Afghan delegates agree to strike political deal in 3-5 days: UN


BONN, Nov 27 (AFP) - The four Afghan groups attending historic talks near Bonn have agreed to strike a deal on a transitional government within three to five days, a United Nations spokesman said Tuesday.

Ahmad Fawzi said the UN had not imposed a deadline on the parties, but that they had agreed to wrap up the work of the conference within that time.

"The parties agreed that they would like to spend three to five days in Bonn working on these talks. They hope to achieve an agreement within that time period on the issues of the agenda," he told a news conference.

Fawzi, the spokesman of UN envoy to Afghanistan Lakhdar Brahimi, said the conference's participants who opened their discussions on a post-Taliban government for Afghanistan earlier Tuesday had also agreed the agenda of the talks.

"We had a very successful morning," he said. The agenda calls for the formation of an "Interim Supreme Council of Afghanistan", or transitional government, a cabinet-style body of 20 or less members which would run the country for some three to six months, he said.

It also calls for the formation of the "Interim Administration of Afghanistan", which Fawzi likened to a kind of parliament, and then the formation of an "Emergency Loya Jirga", or grand council of elders.

He envisaged that a Loya Jirga, a gathering charged with drawing up a new constitution, would convene in March or April 2002 around the time of Nawrooz, the traditional Persian New Year holiday.

The spokesman again stressed that the United Nations wanted to move as rapidly as possible. He repeated that "time is of the essence", explaining: "The situation on the ground is changing. We have to bear that in mind."

The agreed agenda has a further point entitled "Measures to ensure security for the people of Afghanistan" but Fawzi said that there had been no discussion of that so far Tuesday.

The previous day he had spoken of a multinational force to ensure security in the country, but the Northern Alliance, one of the two main groups represented in Bonn and in effective control of the capital Kabul and much of the country, is opposed to such a force.

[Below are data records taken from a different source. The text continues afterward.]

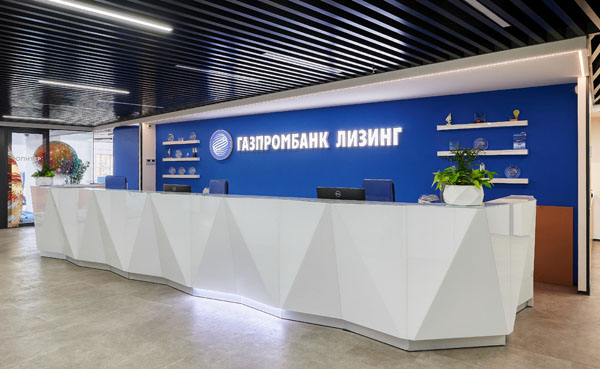 Топ-менеджеры Группы Газпромбанк Лизинг вошли в рейтинг лучших управленцев России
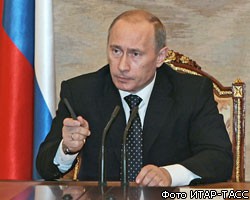 В.Путин согласился возглавить "Единую Россию"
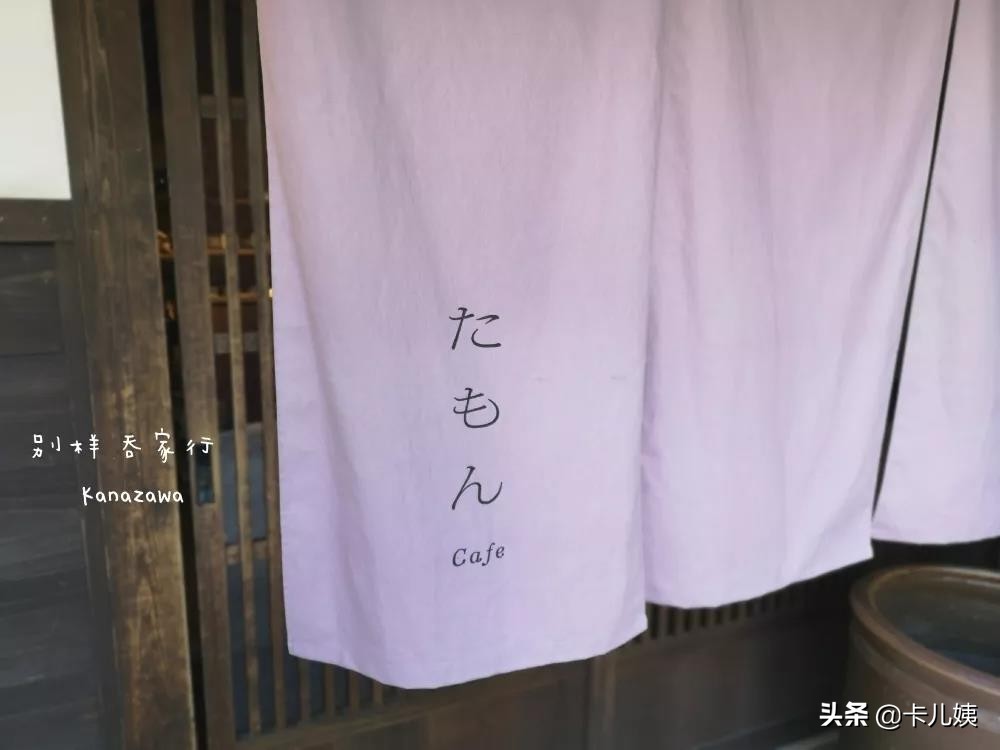 金泽作品,日本金泽最值得去吗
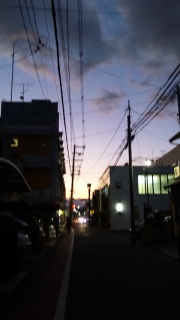 ordinary
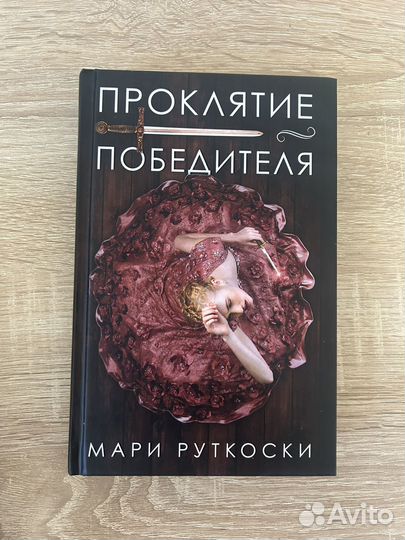 Книги проклятие победителя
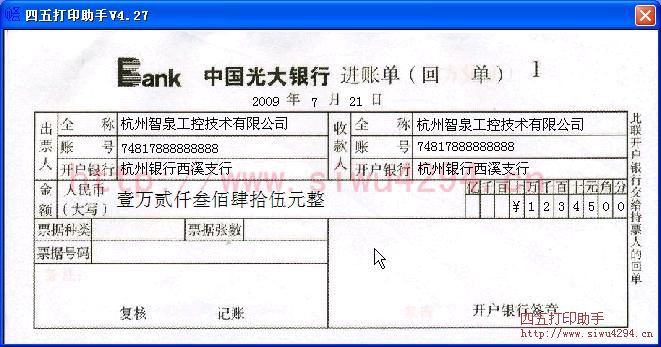 光大银行进账单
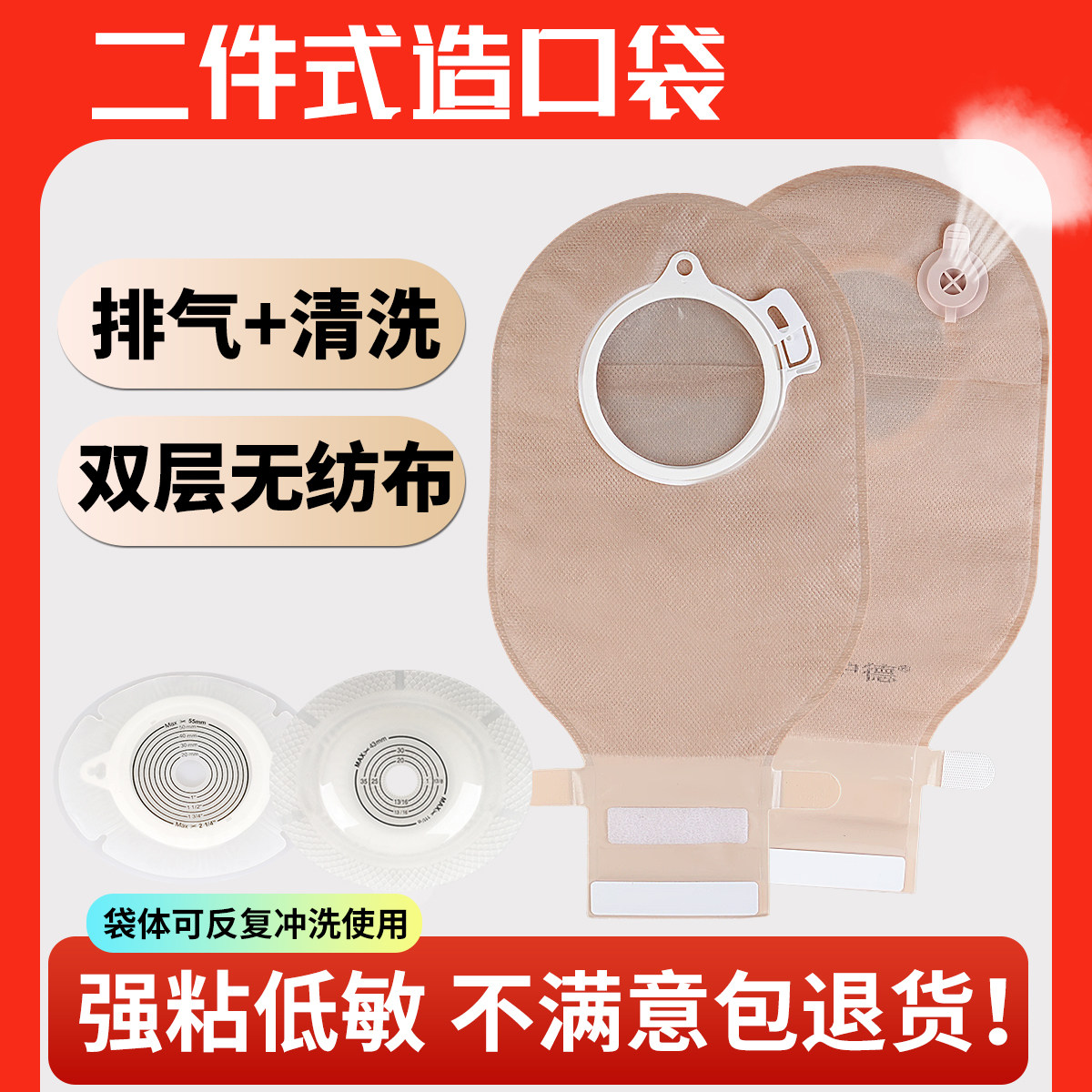 二件式造口袋肛肠用品凸面底盘可排气一次性直肠癌改道肛门造瘘袋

But asked about the security element on the now-agreed conference agenda Tuesday, Fawzi seemed to backtrack away from the prospect of any international force being agreed by the Afghan groups in Bonn.

"The (security) title (on the agenda) is open and flexible and leaves it up to the people of Afghanistan and delegates to decide what kind of security measures they would like to see," he said.

Diplomatic sources close to the talks also described the issue of a foreign military presence as a major sticking point, and on Tuesday Afghanistan's neighbour Iran -- a key player in the Afghan civil war -- also voiced its fierce opposition to a foreign security force in the country.